We left it with homes, fields and forests
marred, shattered devastated, and ruined.
More than 400 Minnesotans fought at
the Battle of Antietam
near Sharpsburg, Maryland on
September 17, 1862
the bloodiest single day of
any war in American history.
Today, thousands of visitors annually
retrace the steps of Civil War soldiers.
Antietam National Battlefield is
one of the most pristine battlefields
in the National Park Service inventory.
You can go out and behold the battlefield
and see it the way it looked 150 years ago.
Eighteen months into the Civil War,
this is first time Confederate forces
invade the North.
Farms and factories in the South have
been badly damaged, and Lee desperately
needs to resupply his army.
The Confederates have established
a one-thousand mile front
from Chesapeake Bay to the Mississippi River.
If Lee plays his cards right,
Maryland could become a star
on the Confederate flag.
President Lincoln leaves nothing to chance.
He has suspended the writ of habeas corpus
meaning that criminal suspects
can be held without being charged
and prevented the state's
legislature from meeting.
Looking backwards over our shoulders,
he's the great Emancipator,
but if you look at a map
you know why Abraham Lincoln is
treading so heavily
on the people of Maryland.
That's because if Maryland falls,
Washington falls.
The First Minnesota Volunteer Infantry
is part of the Second Corps.
Under the command of Colonel Alfred Sully,
it is organized into 10 companies
along with the 2nd Minnesota Sharpshooters.
Minnesotans had been the first to volunteer
for the Union Army, and by now,
they are battle-tested.
Up early the morning of September 17, 1862,
they will cross Antietam Creek, a cornfield
and a major crossroads before encountering
the Confederates in the West Woods.
The First Minnesota Infantry is moving
closer and closer to the fight,
and now they emerge on what would have been
an awesome, bloody scene
on the morning of the battle.
The dead and wounded lay thick,
many begging us for a drink of water,
others telling us not to tread on them
and it was difficult to march over
the ground without stepping on some man.
In the space of four hours in this field here,
8000 casualties.
We're at the western edge of the cornfield.
The regiment is still in a line
moving towards the West Woods.
They're going to hit the Hagerstown Pike.
This is one of the most
famous fences in the Civil War.
There's many pictures by Alexander Gardner
of Louisiana soldiers tangled up in this fence.
Sully finally leads the regiment into the West Woods.
It is about this time that
Lee's reserves begin
to hit the First Minnesota hard,
and the men begin to fall
in the Confederate fire.
The man to my right gave a quick "Oh!"
and dropped his hands onto the part
of his body that had been hit.
but dropping his gun
he was able to limp to the rear.
And a splinter from the rail of my fence,
hitting me in the face said: "You're next."

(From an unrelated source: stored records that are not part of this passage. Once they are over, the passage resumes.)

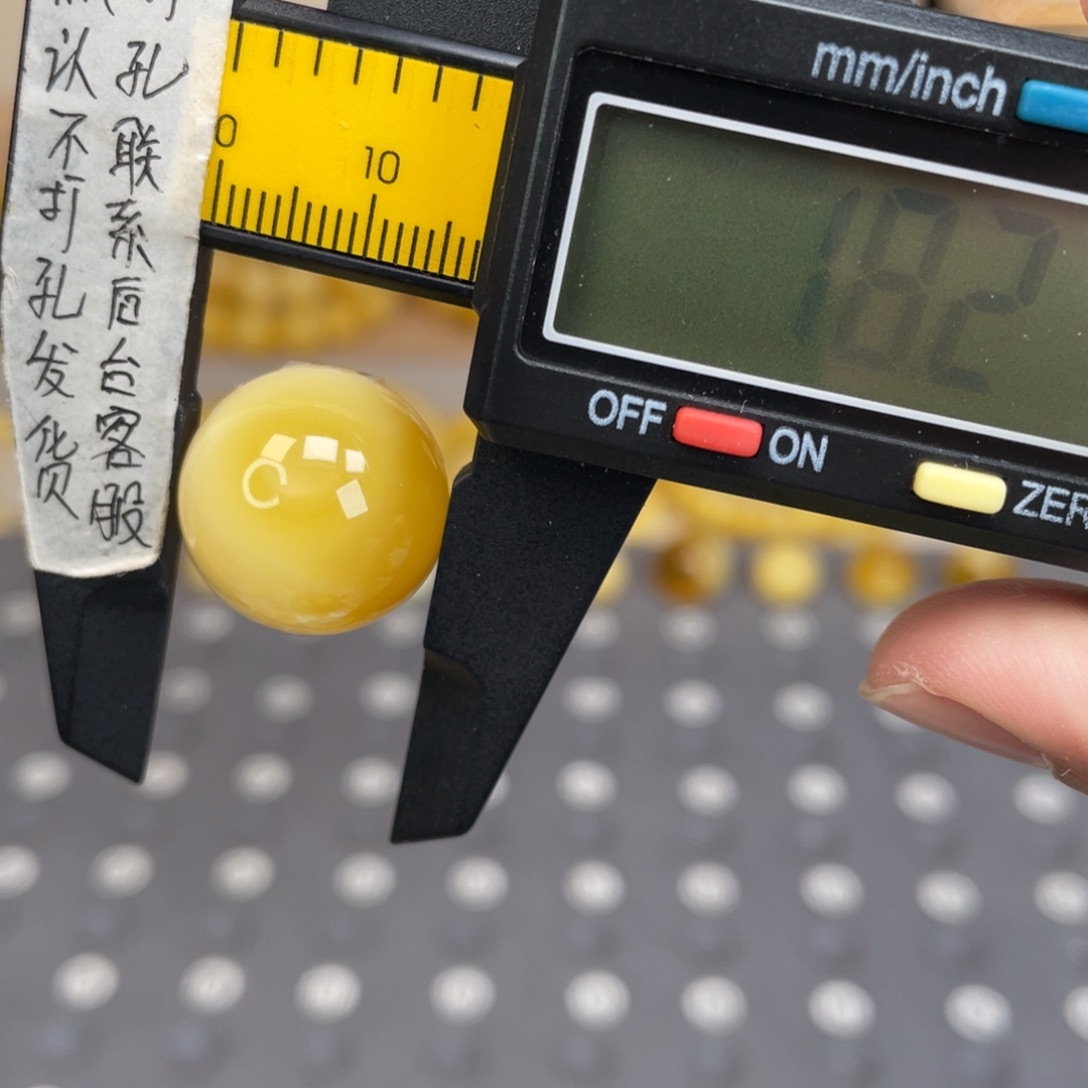 琥珀未镶嵌裸石96号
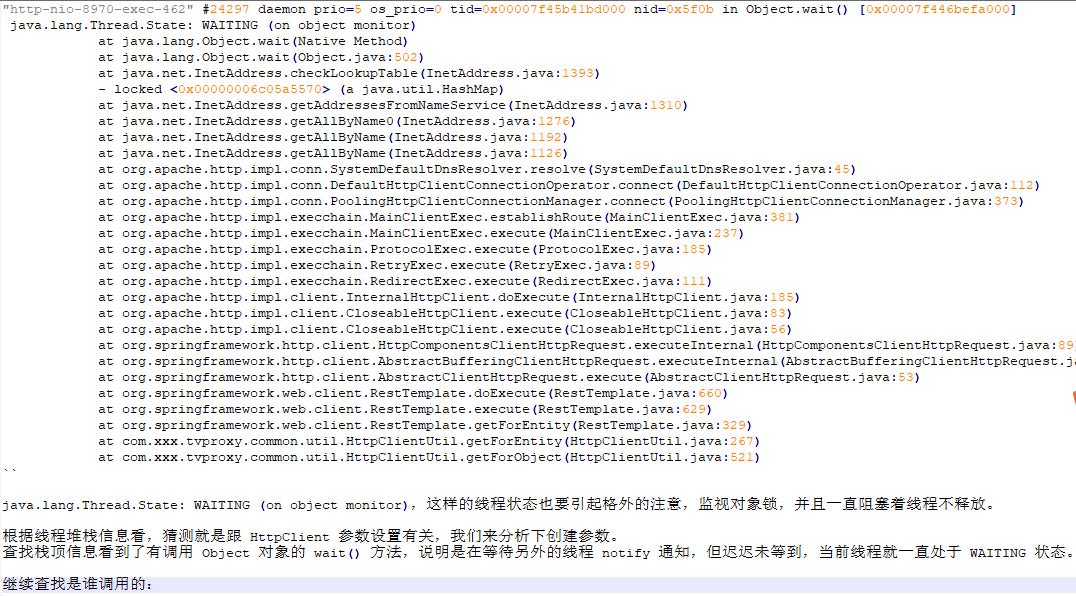由一次线上故障来理解下TCP三握、四挥；Java堆栈分析到源码探秘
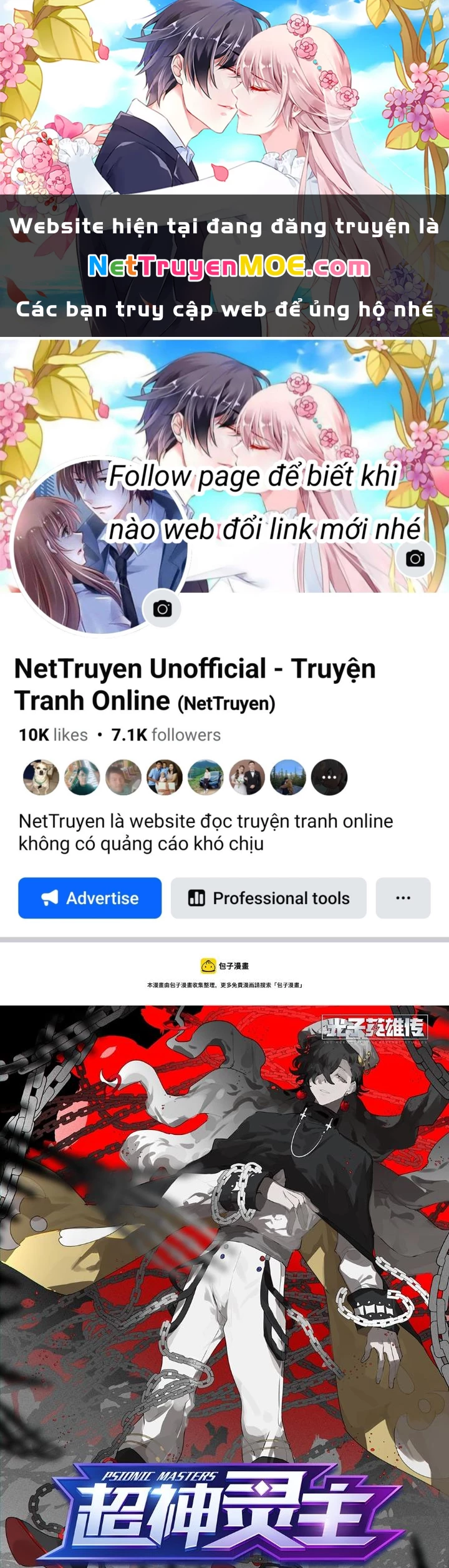 Siêu Thần Linh Chủ Chapter 270 - Next Chapter 271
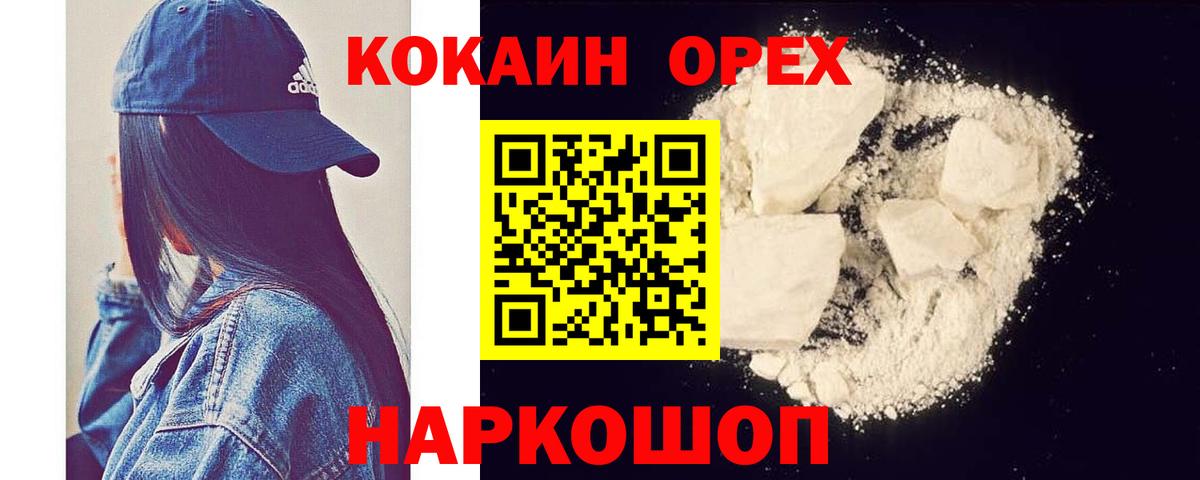 Cocaine FishScale Асино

The West Woods was the furthest advance
for the First Minnesota before the order
to retreat and regroup.
They're retreating through these series
of rock ledges and fences, back towards
the North Woods part of the battlefield.
When we were only about half-way
up the slight rise of ground
over which we were retreating,
Sully gave the order to face and fire,
with the result that a solid volley from about
three hundred muskets poured
into the following enemy
and caused a quite appreciable
check to their oncoming.
The single day's battle resulted
in more than 23,000 casualties,
with heavy losses on both sides.
If the horrors of war cannot be seen
on this battlefield,
they can't be seen anywhere.
Charley Goddard spoke for thousands of men
who fought at this place.
The first Minnesota brought
435 men to this battlefield.
Seventeen were killed, 79 were wounded
and 24 were missing.
That's over one in four men who never
made it out of here intact.
At a terrific cost, Lee's invasion
of the north had failed.
His army retreated to southern soil.
After waiting months for a Union victory,
Lincoln used the opportunity to issue
a preliminary version
of the Emancipation Proclamation
on September 22, 1862.
150 years later, Minnesotans continue to remember
the men who fought at Antietam.
Edmund Sampare, enlisted as a private
on September 30, 1861.
He was killed in the cornfield.
We have to, as the citizens of our state,
do everything that we can to make sure that
we're preserving these gravesites and gravestones,
so future generations can be reminded,
can remember and then they can
interpret this for themselves.
When we talk about decisive battles and
turning points in the war,
Antietam was near the top of the list,
because, for the first time,
freedom becomes an objective of the war.